The film of the future will be even more personal than a novel, individual and autobiographical, like a confession or an intimate diary. Young filmmakers will express themselves in the first person and tell us about their personal experience: perhaps the story of their first love or something more recent, like their political standing, a journey, an illness, their conscription, their wedding, their latest holidays, and we will almost be forced to like it because it will be both believable and new. Tomorrow’s film won’t be made by public servants of the camera, but by artists for whom shooting a movie is an exciting and fantastical adventure. Tomorrow’s movie will be similar to its director, and the audience’s size will be proportionate to the amount of people that the director is friends with. Tomorrow’s film will be an act of love.

– François Truffaut1

The prophecy was fulfilled. Thanks to digital technologies, access to the minimal resources required to shoot a film was democratised and the world became overpopulated with independent filmmakers. The hope inherent in these films that are “similar to its director” was a call for thematic and formal singularity that would oppose the French cinema of the time, which was dying at the hands of “false legends”. The sense of intimacy would make these films original and believable: in short, true. Unfortunately, all of these fragments of intimacy that our dear François idealised ended up being quite similar among them. The proliferation of these little film diaries stripped the genre of freshness. They stopped being surprising because they became, thanks to social media, the most popular form of interaction worldwide.

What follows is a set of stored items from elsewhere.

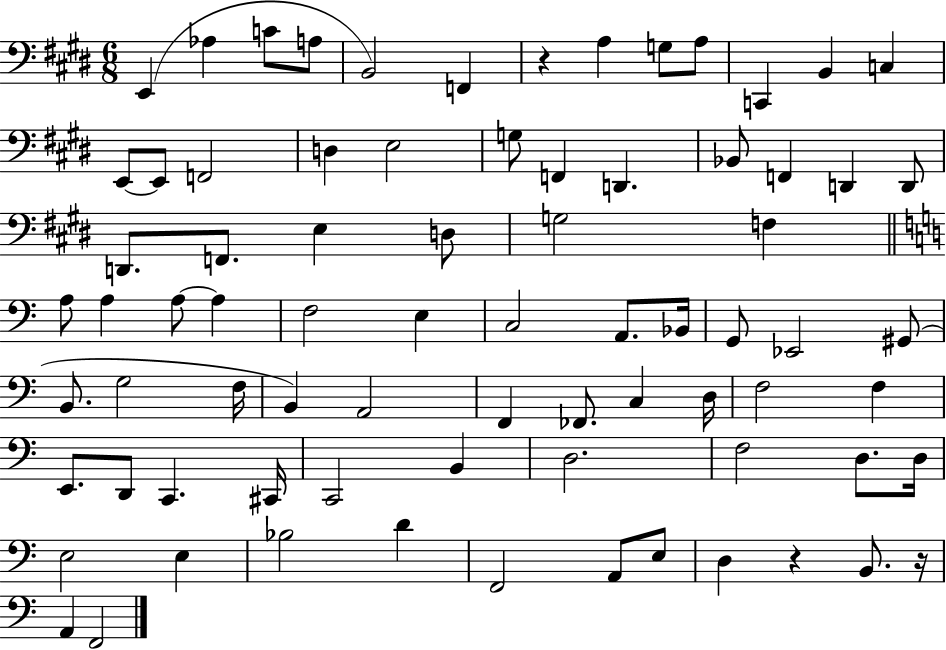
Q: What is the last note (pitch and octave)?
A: F2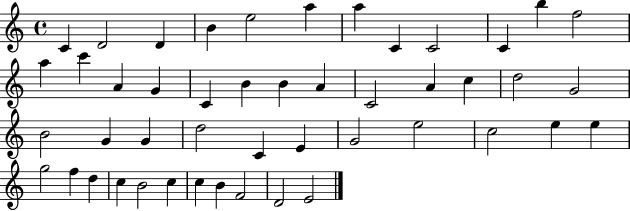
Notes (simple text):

C4/q D4/h D4/q B4/q E5/h A5/q A5/q C4/q C4/h C4/q B5/q F5/h A5/q C6/q A4/q G4/q C4/q B4/q B4/q A4/q C4/h A4/q C5/q D5/h G4/h B4/h G4/q G4/q D5/h C4/q E4/q G4/h E5/h C5/h E5/q E5/q G5/h F5/q D5/q C5/q B4/h C5/q C5/q B4/q F4/h D4/h E4/h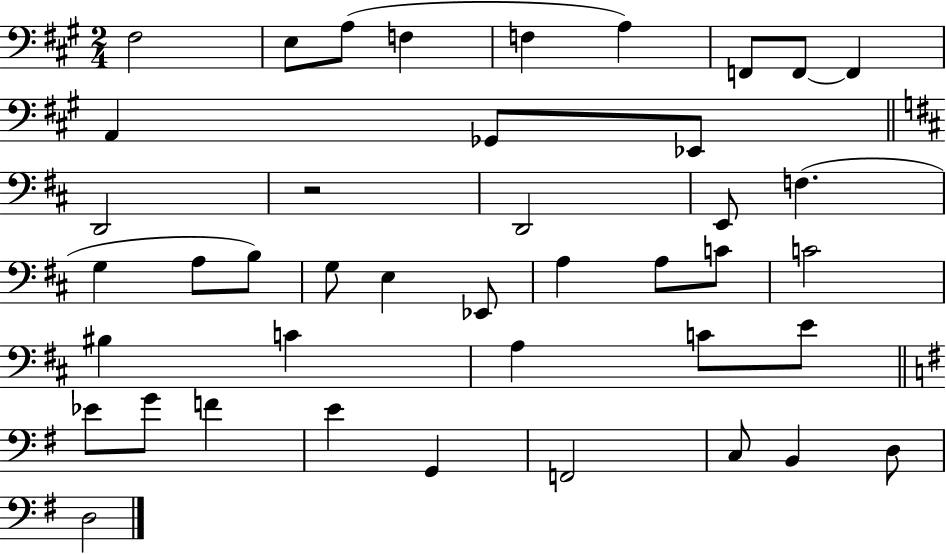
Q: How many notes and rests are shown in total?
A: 42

We all spend too much time trying to manufacture a fictional narrative about ourselves through these platforms. Even Facebook generates small automatic films compiling and putting music to the images we upload to celebrate our anniversary or the friendship we share with another Facebook user. Truffaut’s dream turned into a nightmare in which the world’s most powerful corporations make money exploiting the intimacy and desires of their users. Truffaut was wrong about the treatment, but not about the diagnosis. If the road towards intimacy became a mass experience, it is necessary for contemporary art to problematise it and look for answers.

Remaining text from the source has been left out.